Something similar is present in the high correlation between “CPI_energy” and “CPI_all” and between “CPI_all”and “unemployment”. such combinations may also be left out of our test models by simply dropping the CPI_all variable.

Let us now look on the scatter plots in figures 15 to 17 for relation between the dependent variable “ElantraSales” in relation to each of the independent variables.

plot09 = ggplot(DFElantra, aes(x=Unemployment, y=ElantraSales)) + 
  geom_point() +
  geom_boxplot(aes(group = cut_width(Unemployment, 0.6))) +
  stat_summary(fun.y = "median", geom = "point", size = 3) +
  geom_smooth(method='lm') +
  ggtitle("Figure 15: ElantraSales relation to Unemployment")

plot10 = ggplot(DFElantra, aes(x=Queries, y=ElantraSales)) + 
  geom_point() +
  geom_boxplot(aes(group = cut_width(Queries, 60))) +
  stat_summary(fun.y = "median", geom = "point", size = 3) +
  geom_smooth(method='lm') +
  ggtitle("Figure 16: ElantraSales relation to Queries")

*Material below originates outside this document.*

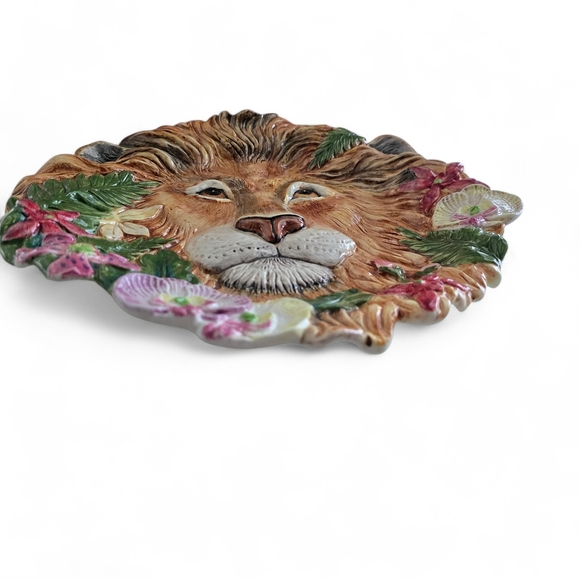 Fitz & Floyd Serengeti Lion Plate 11” Handcrafted Jungle Wildlife Floral Charger - Picture 4 of 5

plot11 = ggplot(DFElantra, aes(x=CPI_energy, y=ElantraSales)) + 
  geom_point() +
  geom_boxplot(aes(group = cut_width(CPI_energy, 8))) +
  stat_summary(fun.y = "median", geom = "point", size = 3) +
  geom_smooth(method='lm') +
  ggtitle("Figure 17: ElantraSales relation to CPI_energy")

plot12 = ggplot(DFElantra, aes(x=CPI_all, y=ElantraSales)) + 
  geom_point() +
  geom_boxplot(aes(group = cut_width(CPI_all, 3))) +
  stat_summary(fun.y = "median", geom = "point", size = 3) +
  geom_smooth(method='lm') +
  ggtitle("Figure 18: ElantraSales relation to CPI_all")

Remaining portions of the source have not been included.